We Need a 21st Century Energy Policy
The newly sworn-in Energy Secretary has taken a go-slow posture on natural gas exports. This, after the U.S. has just blown past Russia to become the world’s largest producer. And America will shortly occupy the number one position in oil production as well. This nation is poised to become a major hydrocarbon exporter to an energy-hungry world.
But not everyone is eager to embrace the opportunity for America. There are even concerns, raised on the pages of the New York Times and Foreign Affairs, that the new U.S. position on the world energy stage has major downsides. Notably, we’re told that this radical change could destabilize many of the world’s fragile hydrocarbon exporters, from Russia to Nigeria and from Venezuela to the Middle East.
These experts warn that the loss of oil revenue will cause shock waves in countries that have increased spending (and mischief making) on the prospect of eternally selling $100 per barrel oil to the world, especially to America. This was apparently a negligible worry when alternative energy advocates were touting the importance of (expensive) biofuels and batteries for breaking America’s "addiction" to oil.
Let’s state the obvious: U.S. energy abundance is an unalloyed good for the American economy. The U.S. can start eviscerating its whopping $750 billion a year trade deficit, which rivals the combined deficits of the next 30 largest nations. It is a terrible drag on U.S. growth. And 40 percent of our deficit comes from just one import: oil. We can now eliminate those costs.
How? First, do everything possible to encourage yet more production of hydrocarbons to cut imports. Second, use cheap domestic fuel to manufacture and export more energy-intensive products like chemicals and fertilizers.

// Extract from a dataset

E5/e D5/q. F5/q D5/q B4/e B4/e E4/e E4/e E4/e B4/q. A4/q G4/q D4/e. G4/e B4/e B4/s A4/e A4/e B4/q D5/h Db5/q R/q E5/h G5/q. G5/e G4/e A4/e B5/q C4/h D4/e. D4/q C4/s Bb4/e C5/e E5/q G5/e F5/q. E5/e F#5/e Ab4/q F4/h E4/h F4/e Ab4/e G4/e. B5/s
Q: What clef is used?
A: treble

Third, join the small club of crude oil and natural gas exporting nations. The problem with the last deficit-killing strategy is that exporting American natural gas or crude oil is illegal.
A 1975 law prevents crude oil exports, with only rare exceptions. It is the case that last year the U.S. became a net exporter of gasoline and diesel; exporting refined petroleum products is permitted. But oil production has grown much faster than domestic refining capacity. Thus, oil in the heartland sells up to $40 below world prices, but cannot be exported to willing buyers.

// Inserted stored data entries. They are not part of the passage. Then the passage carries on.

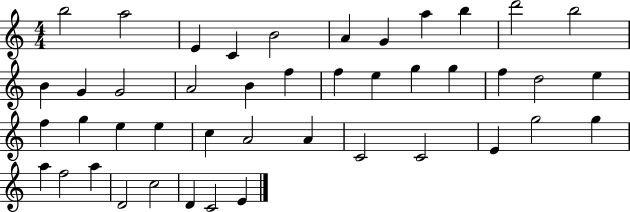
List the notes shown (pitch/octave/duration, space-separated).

B5/h A5/h E4/q C4/q B4/h A4/q G4/q A5/q B5/q D6/h B5/h B4/q G4/q G4/h A4/h B4/q F5/q F5/q E5/q G5/q G5/q F5/q D5/h E5/q F5/q G5/q E5/q E5/q C5/q A4/h A4/q C4/h C4/h E4/q G5/h G5/q A5/q F5/h A5/q D4/h C5/h D4/q C4/h E4/q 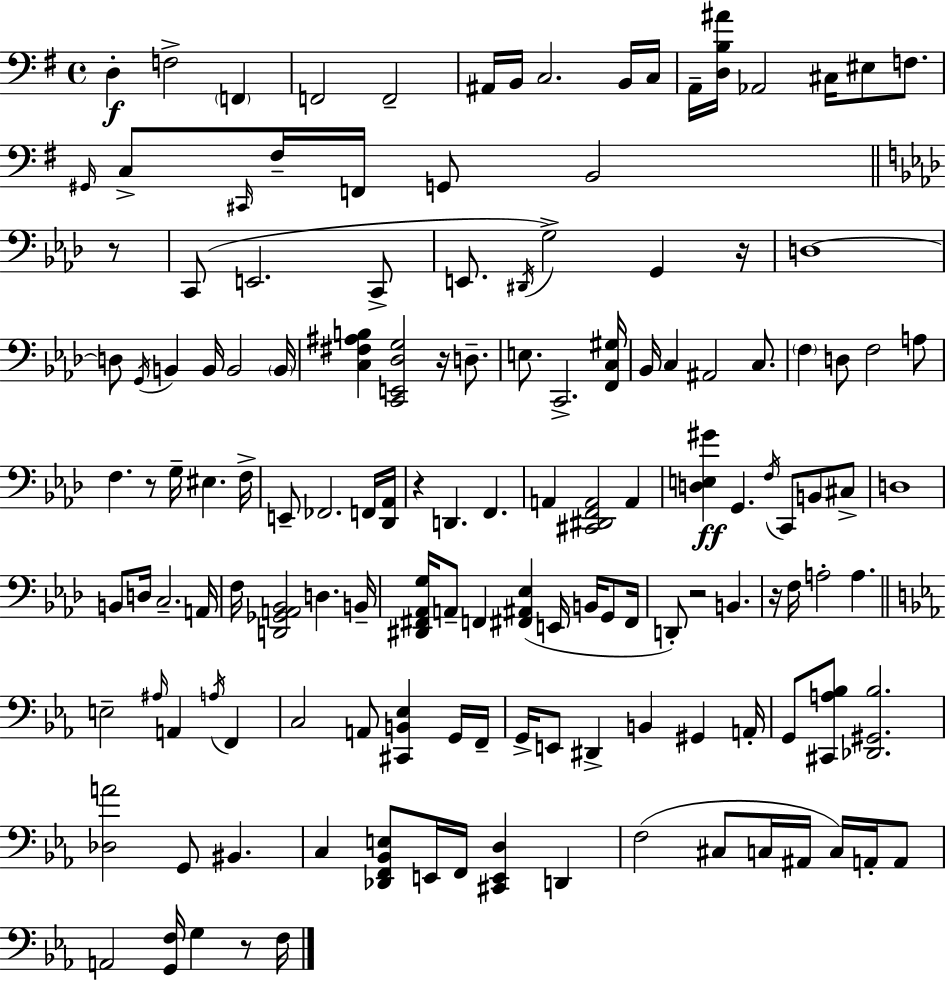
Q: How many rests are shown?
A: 8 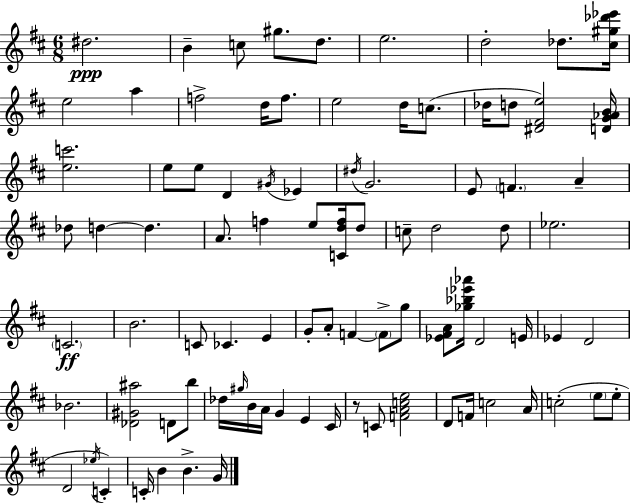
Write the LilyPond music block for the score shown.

{
  \clef treble
  \numericTimeSignature
  \time 6/8
  \key d \major
  dis''2.\ppp | b'4-- c''8 gis''8. d''8. | e''2. | d''2-. des''8. <cis'' gis'' des''' ees'''>16 | \break e''2 a''4 | f''2-> d''16 f''8. | e''2 d''16 c''8.( | des''16 d''8 <dis' fis' e''>2) <d' g' aes' b'>16 | \break <e'' c'''>2. | e''8 e''8 d'4 \acciaccatura { gis'16 } ees'4 | \acciaccatura { dis''16 } g'2. | e'8 \parenthesize f'4. a'4-- | \break des''8 d''4~~ d''4. | a'8. f''4 e''8 <c' d'' f''>16 | d''8 c''8-- d''2 | d''8 ees''2. | \break \parenthesize c'2.\ff | b'2. | c'8 ces'4. e'4 | g'8-. a'8-. f'4~~ \parenthesize f'8-> | \break g''8 <ees' fis' a'>8 <ges'' bes'' ees''' aes'''>16 d'2 | e'16 ees'4 d'2 | bes'2. | <des' gis' ais''>2 d'8 | \break b''8 des''16 \grace { gis''16 } b'16 a'16 g'4 e'4 | cis'16 r8 c'8 <f' a' c'' e''>2 | d'8 f'16 c''2 | a'16 c''2-.( \parenthesize e''8 | \break e''8-. d'2 \acciaccatura { ees''16 }) | c'4-. c'16-. b'4 b'4.-> | g'16 \bar "|."
} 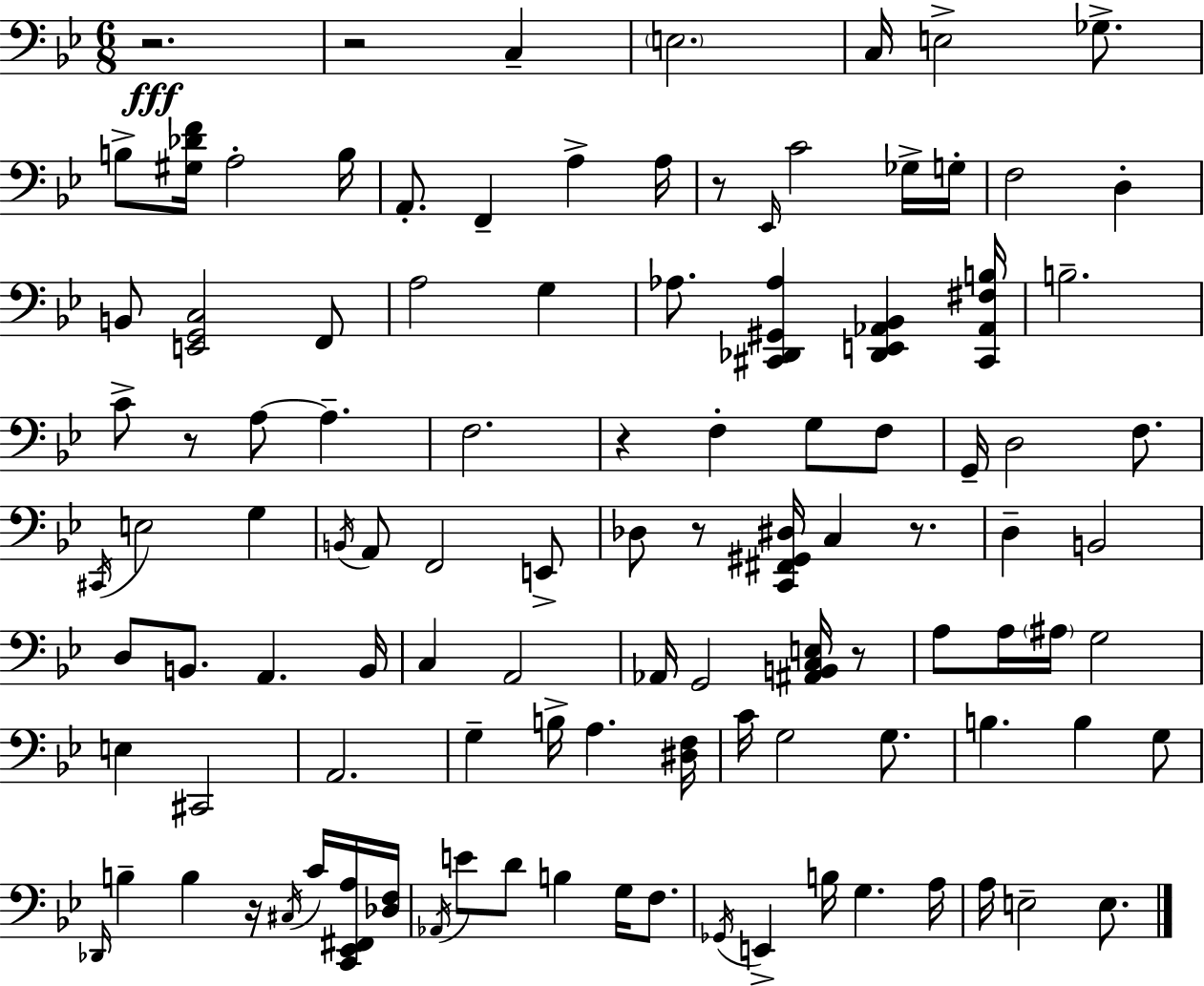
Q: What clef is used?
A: bass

A 1938 law re-confirmed in 1978 prohibits natural gas exports absent specific permission granted by the Department of Energy (DOE). Twenty applicants now wait to each spend tens of billions on job-creating, tax-generating construction of export facilities. Dozens of countries are in line to buy hundreds of billions of dollars’ worth of American natural gas.

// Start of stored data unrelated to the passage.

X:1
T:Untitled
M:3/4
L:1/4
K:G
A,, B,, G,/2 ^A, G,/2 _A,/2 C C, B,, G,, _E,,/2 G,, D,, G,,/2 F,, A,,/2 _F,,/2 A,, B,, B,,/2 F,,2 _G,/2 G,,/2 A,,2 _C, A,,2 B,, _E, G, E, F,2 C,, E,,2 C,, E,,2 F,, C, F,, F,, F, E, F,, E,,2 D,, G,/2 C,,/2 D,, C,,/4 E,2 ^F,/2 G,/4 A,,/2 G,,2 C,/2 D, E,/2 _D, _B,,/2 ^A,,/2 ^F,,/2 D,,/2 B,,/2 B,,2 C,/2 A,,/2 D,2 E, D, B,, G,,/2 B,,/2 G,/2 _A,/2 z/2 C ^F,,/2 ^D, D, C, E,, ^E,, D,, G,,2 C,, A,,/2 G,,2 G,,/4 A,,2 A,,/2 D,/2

America is saddled with laws crafted nearly a half-century ago based on ideas of scarcity that have been mooted by technology progress. American oil and natural gas are now abundant. The logic of laws prohibiting, and giving federal bureaucrats authority to decide if, when and where to export American products falls apart if you just substitute words like wheat, soy, ethylene, or microprocessors for the words, crude oil or natural gas.
The American energy sector is on track over the coming 10 years to see private investments reach a cumulative $5 trillion-without subsidy or taxpayer assistance. It makes no sense to restrain this sector. The past four years alone have seen $150 billion of foreign investment in U.S. hydrocarbon domains. No government stimulus or infrastructure investment begins to match this scale of private activity. Imagine if, instead of constrained, it were encouraged.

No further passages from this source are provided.